Friday 7.1.2005, The Nile – Luxor
We are mooring in Luxor until tomorrow when we will take the night train back to Cairo. According to the itinerary we would spread the sightseeing over two days, but it turned out to be a bit too cramped. In the end we had enough of temples and hieroglyphs. Especially my son.
During the meals we share table with an Ecuadorian couple, he is a doctor and she is from Venezuela. Very nice, they love to dance tango, have eight cars, a horse and are overall hardly without a fortune. Well, well.
We hastened off with not the best guide, Mohammed. First to the Valley of the Kings and three graves in the stone desert mountains, Seth I, Ramses II and III. Then we drove back around the bend to Queen Hapsetshut’s palace and at last the Colossi of Memnon. It was all a huge experience. Say no more!
Inside a grave chamber in the Valley of the Kings, Luxor
From the Valley of the Kings, Luxor
Queen Hapsetshut’s palace, outside Luxor
Colossi of Memnon, outside Luxor
This fifth video in this series from Egypt is from the Valley of the Kings outside Luxor. Filming is not allowed inside the valley so the video contains some photographs from the valley and even inside some of the crypts. In addition comes scenes from Queen Hatshepsut’s mortuary temple complex not far from the Valley of the Kings, and from the statues called Colossi of Memnon standing guard on the the way from Luxor to the Necropolis.
After lunch and before another guided trip we relaxed and my son had a bath. The little Viking managed to dip himself in the pool.
Then it was into the minibus to the second part of today’s program, the temple areas in Luxor town. First we walked into Karnak with the large columns and then Luxor Temple which includes a Christian altar, a mosque and buildings of the original Nile-religion of the Pharaohs.
Karnak Temple illustration
Karnak Temple columns, Luxor
This video is from the Karnak temple complex in Luxor. There are several temples in this temple complex on the East Bank of the Nile. Most of what is seen was built during the New Kingdom between the 16th and 11th century BC. Here is found the famous Hypostyle hall with all the large columns, the largest being 21 metres.
Temple of Luxor
Video from Luxor Temple in Luxor. The temple on the East Bank of the Nile dates back to the 14th century BC.
Today an Indian couple joined us, with their son at around five years of age. He and my son got along quite well.
In the evening we joined the South-Americans and their guide into the souq and smoked water pipe on a pavement café. By the way, we both had a swim (dip) before that. Then we went to bed for the last time on the ship.
Saturday 8.1.2005, Luxor and the train
A relaxing day.
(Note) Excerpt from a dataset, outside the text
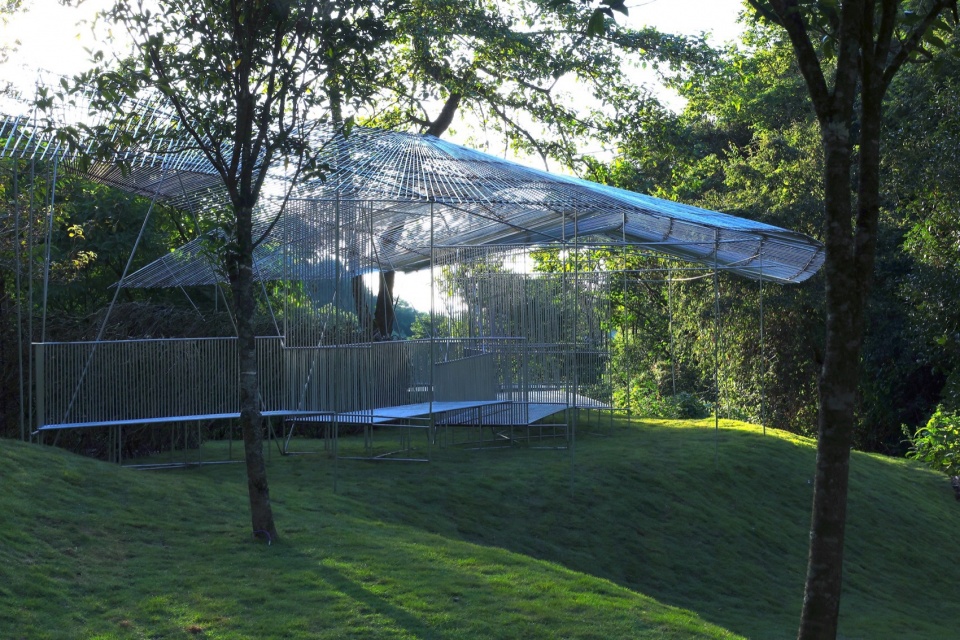 Dali Wuliang Mountain s Phoenix Feather Tea Pavilion by Kong Xiangwei Studio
We strolled and horse-carriaged our way around the centre of Luxor, in and around thesouq. It is colourful and mainly local. We lunched at McDonald’s (sigh) were me met the Indians again.
Luxor (ancient Thebes) is one the world’s top destinations with its temples and the Valley of the Kings across the River Nile. This video is my eighth in this series and marks the end point of the more than 200 km cruise on the Nile from Aswan and concentrates on giving an impression of city life in contemporary Luxor.
Shopping in the Luxor souq
We sat down at a couple of cafés and worked our way through our diaries. Shoe shiners, black clothed women, traders, tourists etc. went by. Periodic “Allah-u Akbar” sounds from the mosques. People are polite, friendly and generally not harassing, apart from in the centre of the tourist trail.
Bargaining is a necessity. It is more colourful here, much more than my other son experienced in Cuba. By that I mean filth, poverty, crowds, dirty children, nomad families, buildings and so on.
We walked back to our ship for a late checkout and got in touch to two fellow travellers from Turkey. Only one of them spoke English. Very pleasant talking about this and that. They recommended the sound and light show in Giza, but we wanted to kill some time with the equivalent in Karnak. For half the price of what our travel agent offered we attended a nice show but missed half the point for reasons of language. Because of short time we had the French language version.
Then it was back to the boat to pick up our luggage. The travel agency drove us to the station and a bit delayed the train rolled off. We even met the Indians here as well. We had dinner on board. Now it is straight to bed for it will be a very early arrival in Giza tomorrow.